Clinton ha subrayado la oportunidad del momento: que la confesión de Collins coincida con que diez estados norteamericanos hayan legalizado los matrimonios homosexuales, a la vez que la aprobación de la ley, el pasado 23 de abril, en la libertina Francia donde las agresiones homófobas han demostrado cuán enquistados están los prejuicios. Y, a contracorriente, nuestra aportación local, las declaraciones de Rouco Varela acusando de tibieza al Gobierno de Rajoy por no derogar la actual ley a fin de “restituir a todos los españoles el derecho de ser expresamente reconocidos por la ley como esposo o esposa”.

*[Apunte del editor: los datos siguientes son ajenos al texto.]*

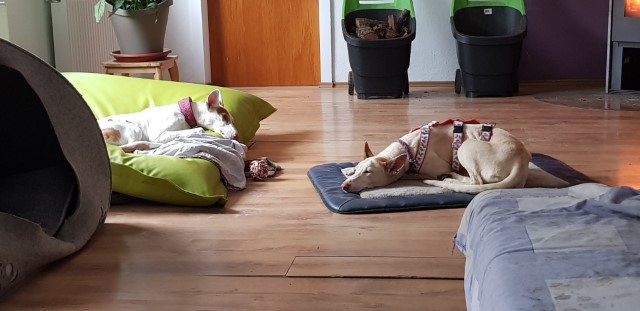 20190510_160852.jpg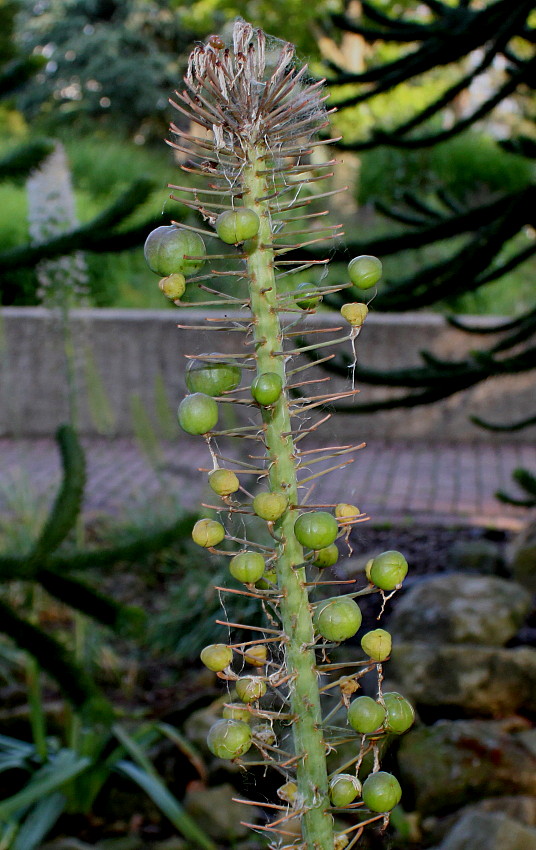 Изображение особи Eremurus himalaicus.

El mundo es una cabina de mandos con capacidad retroactiva. Hace unos días, el sociólogo Andrew J. Cherlin se preguntaba en The New York Times por qué sigue habiendo cierta obligación de casarse en EE.UU. si la sociedad ya acepta plenamente a los solteros. Y lo que es más importante, cuando muchas parejas reconocen no haber notado diferencia alguna entre tener o no tener papeles. Las razones esgrimidas en las encuestas que cita Cherlin apuntan a que casarse constituye aún hoy un signo de éxito personal, una mezcla entre alcanzar sueños y cumplir objetivos. Y ese subtexto es el que están asumiendo la Administración de Obama o la de Hollande al promover la aprobación del matrimonio homosexual: casarse no sólo garantiza un puñado de derechos, sino que representa una especie de meta, incluso de señal de distinción que en nuestro imaginario se corresponde a una feliz vida en pareja y a un estatus social. Pero a menudo se amortigua la idea de que el matrimonio, hetero u homo, es una opción libre y universal. Una opción de vida entre dos. De ninguna manera un mandato.